The Next Market Bubble is Here Already

The mass insanity of the housing bubble over the last few years has pretty fully revealed itself by now. One need only visit our good friends over at Seattle Bubble to read about the increasing devastation. On Jan. 15, Tim posted the big news: according to the Northwest Multiple Listing Service (NWMLS), King Co. finally posted negative year-over-year median closing prices on housing. According to the same report, active listings are up in the YOY comparison (51%) and pending sales are down (by 33% YOY), both records. In other words, the market is flooded, demand is down, and housing prices are falling.

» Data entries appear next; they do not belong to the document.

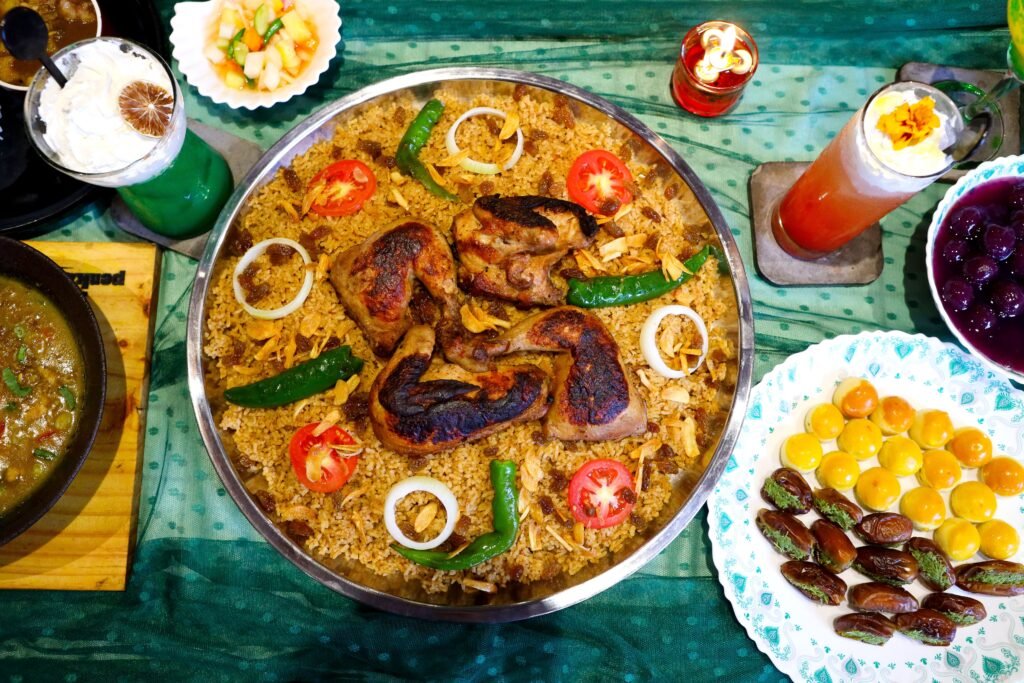 Rich display of Indonesian cuisine, showcasing traditional grilling and vibrant beverages.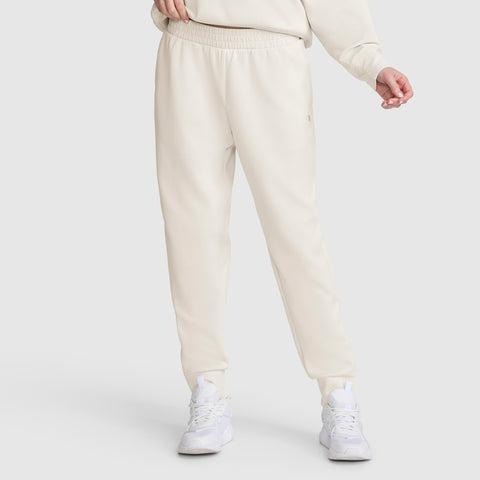 A person is shown from the waist down, wearing Champion Taper Leg Jogger with Zippers in light beige paired with a matching sweatshirt and white athletic shoes, standing against a plain light background. The joggers feature a modern tapered leg design.
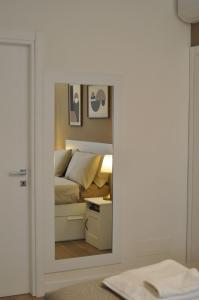 a mirror reflecting a bedroom with a bed in a room at La Terrazza di Luca in Tavernelle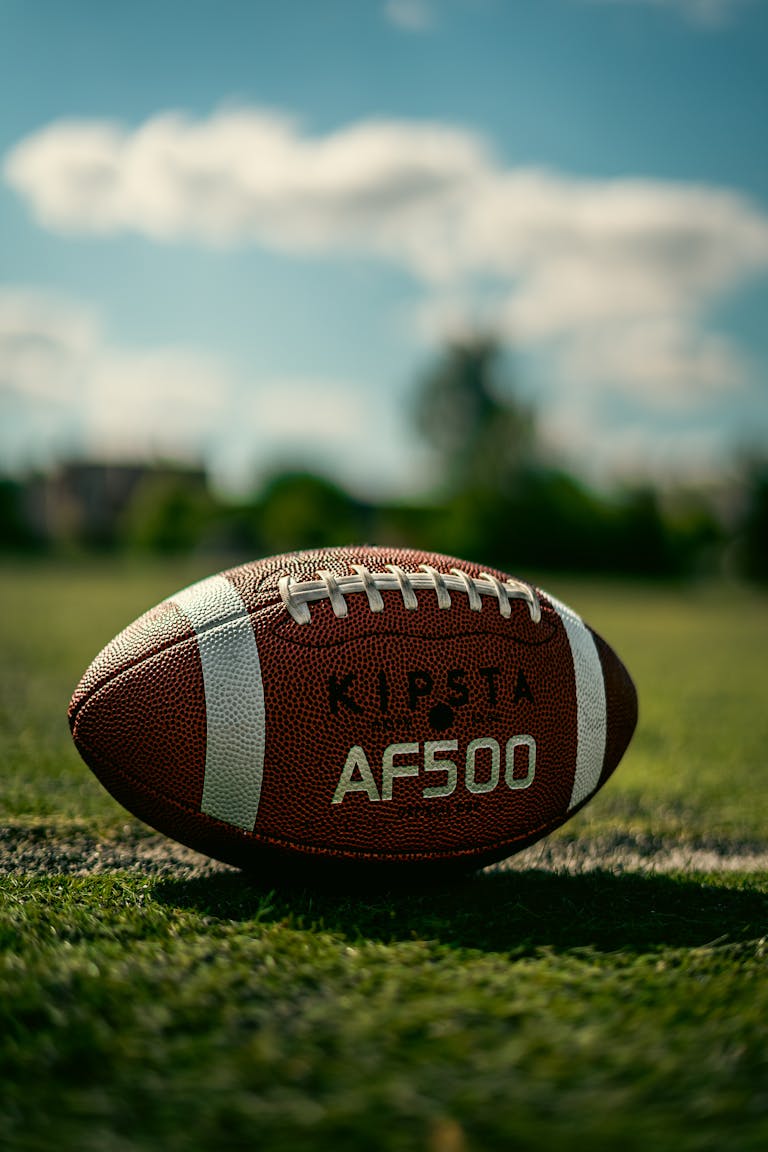 Detailed photo of a Kipsta AF500 football resting on a grassy field under a blue sky.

brewery-pic.jpgWere Tim not so nice a guy, we're sure he'd be taking some pleasure in having been right for the last two years or so, during which real estate bloggers derided the Bubble crew and newspaper reporters respected their professional objectivity by indulging in un-critical boosterism, even as the market started its long downward trend (we're looking in your direction, Aubrey Cohen). And with the popping of the bubble, banks are out billions, and the market is threatening to shed trillions of dollars as the markets tumble. Foreclosures are up as credit crunches, flooding the market with real estate no one wants to buy. Recession looms heavily.

It's enough to get one fuming like Thomas Frank (if only we had that much spleen!). As with the dot-com bubble, the failure of government and the unaccountable business interests combined to screw over Americans from coast to coast. And we can hope, Pandora's foolish children that we are, that now, someone will finally put the dampers on, hold someone accountable, and end this insane economic roller-coaster ride that keeps wages low and pours our earnings into investments that up and die on us every few years.

But alas, readers of Harper's this month have been subjected to an all-too-believable prediction of where next our problems lie.

In a long essay (see here for content—unfortunately subscriber only), Eric Janszen, a former venture capital firm manager, lays out a case for the next bubble.

Next? you ask. Of course. There has to be a new one; America's grown fat on imaginary growth on the order of trillions of dollars in securities value. We have to make that up somehow, and actual growth would just plain take too long.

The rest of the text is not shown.